### What you need to do
From the listing that follows, output everything exactly except the pictures.

### Data

=====

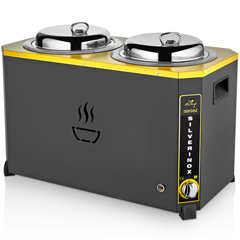 Silverinox Jumbo Çorba Kazanı, 9+9 Litre, Siyah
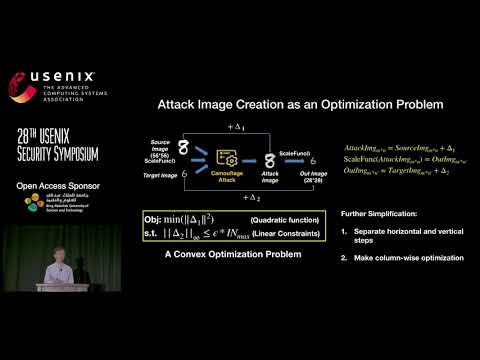 USENIX Security '19 - Seeing is Not Believing: Camouflage Attacks on Image Scaling Algorithms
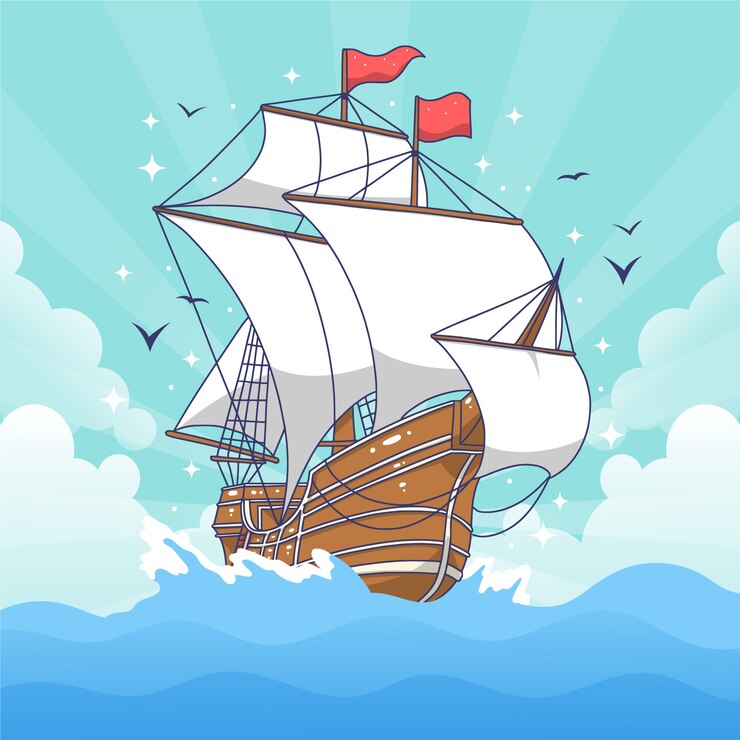 Nave pirata tradizionale disegnata a mano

=====

### Solution for this task
 Silverinox Jumbo Çorba Kazanı, 9+9 Litre, Siyah
 USENIX Security '19 - Seeing is Not Believing: Camouflage Attacks on Image Scaling Algorithms
 Nave pirata tradizionale disegnata a mano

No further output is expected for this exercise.